Speaking to Lawyers Weekly, list chair Geoffrey Diehm QC (pictured) said only one other clerk-led briefing system has operated in Queensland.

The ‘chambers model’, adopted by Level 27 Chambers two years ago, operates from a fixed address. Mr Diehm explained that unlike Level 27, Hemmant’s List is not constrained by geography and matters are remotely coordinated by its clerk online.

“We have people on our list who are from a variety of different chambers around Brisbane. Geography doesn’t determine membership, as it does in some of those other models,” Mr Diehm said.

The list members represent a range of seniority at the Queensland bar, 27 counsel in total, with different specialties. While the list was established to help connect practitioners with barristers, the model does not prevent solicitors from reaching out to list members directly.  

Hemmant’s has curated a broad group of legal experts, with a diverse offering of practice areas and fee range, and allows clients to access them all through one contact, Mr Diehm said.

“From our point of view, this model works because we have a very clear objective in mind of having a list constituted by people of a diverse range of experience, practice areas and diversity in terms of gender. That also includes what their fees might be for doing certain work.”

One of the primary goals of Hemmant’s List is to better facilitate an equitable briefing regime and the way that matters are referred to counsel in Queensland.

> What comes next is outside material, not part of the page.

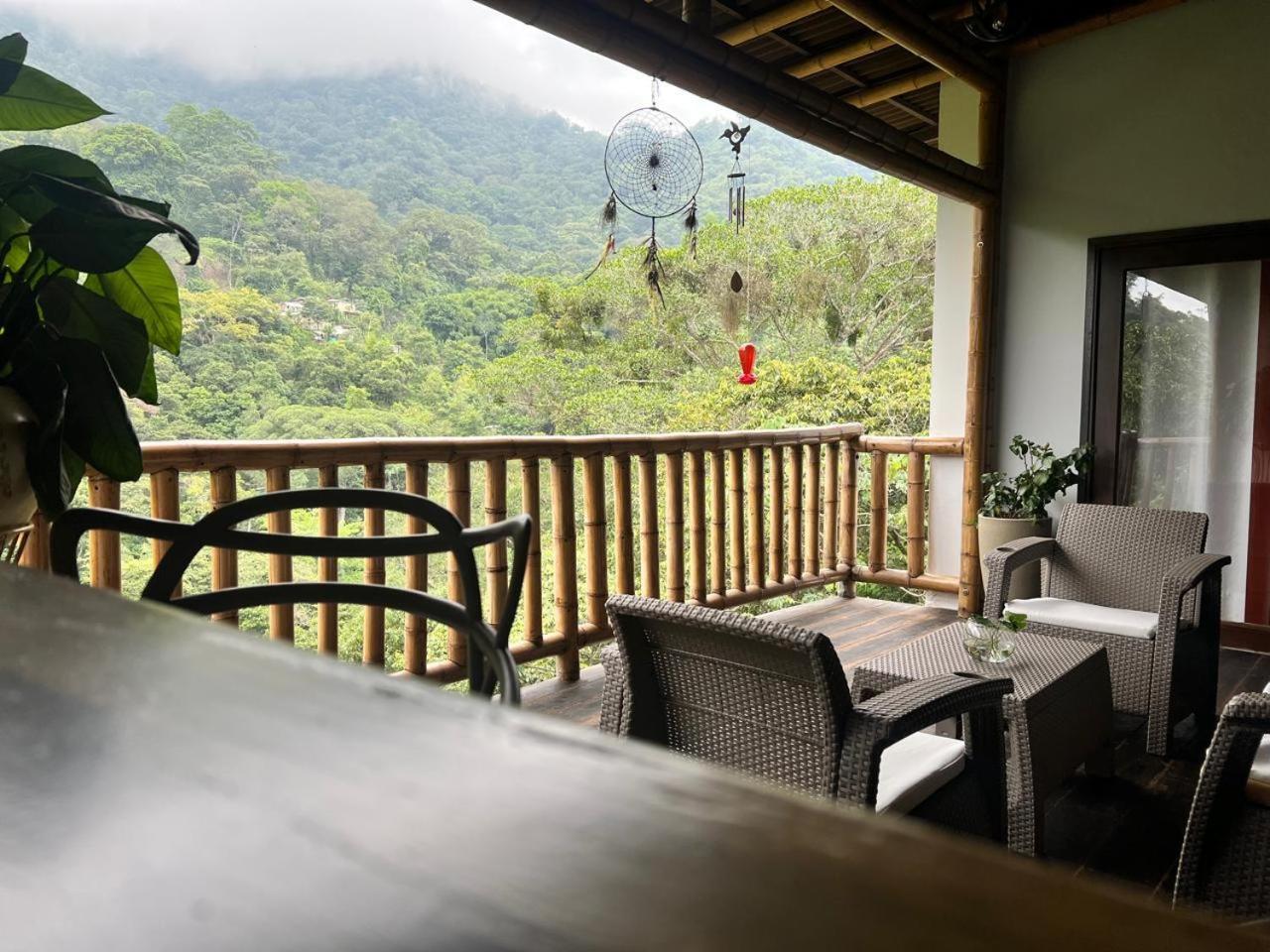 La Veranda Hotel & Restaurant Минка Экстерьер фото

Mr Diehm suggested that the decentralised nature of the list model helps to overcome barriers that some meritorious barristers come up against when competing for briefs, adding that the model is a workable means to meet targets such as those set by the Law Council of Australia’s equitable briefing policy.

“Our aim was to untie the list from any physical set of chambers, which much better facilitates our objective of getting a group of people of high quality but of diversity, because chambers are tied together by other considerations that might mean [such diversity] is harder to achieve,” Mr Diehm said.

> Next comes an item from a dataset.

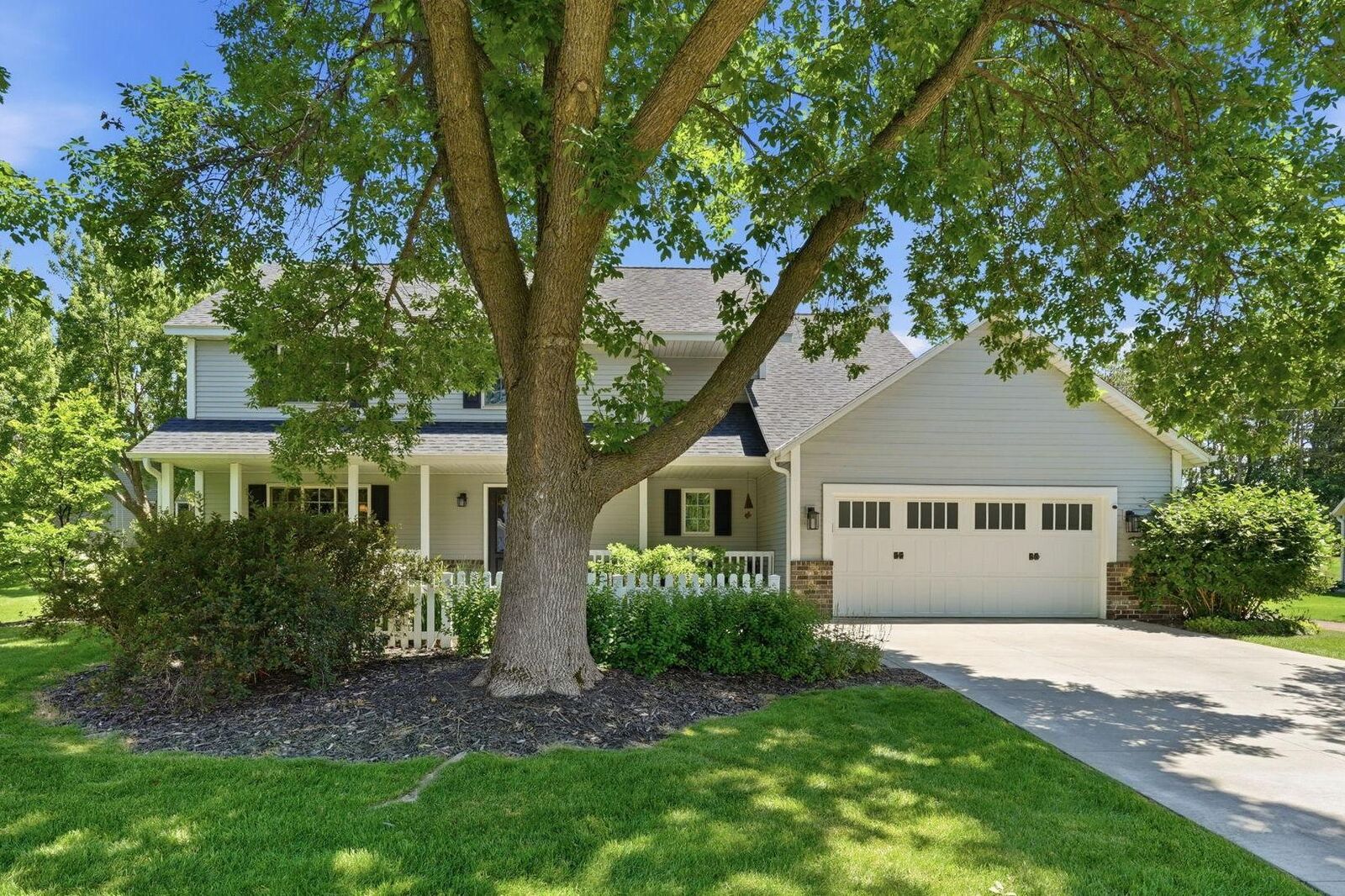 Property Photo: 3730 Urbandale Lane N MN 55446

The latest Australian Bar Association figures show that of Queensland’s 1,098 practising barristers, 241 are women. Collectively, the state’s barristers represent more than 18 per cent of barristers nationwide.

“If half the pool of barristers on [our] list are female, the chance of finding a female barrister for the brief is greatly enhanced. Fifty per cent of the briefs should go to women,” Mr Diehm said. 

“We have now, and expect to maintain, a higher proportion of women barristers on our list than is represented in the profession more generally.”

He suggested that the model gives quality female counsel the exposure they deserve.

“The list hopes to principally do two things: one aim is to provide solicitors and clients with the facility by which they can make informed choices about who they wish to brief for a particular matter.

“And then from the barrister’s perspective, it is an important service for providing professional development, where the clerk is able to assist the individual barristers in progressing their careers and developing their practice into the client that they hope to have,” Mr Diehm said.

Fiona McLeod SC, president elect of the Law Council of Australia, officially launched Hemmant’s List last week. The list has been operating since June this year.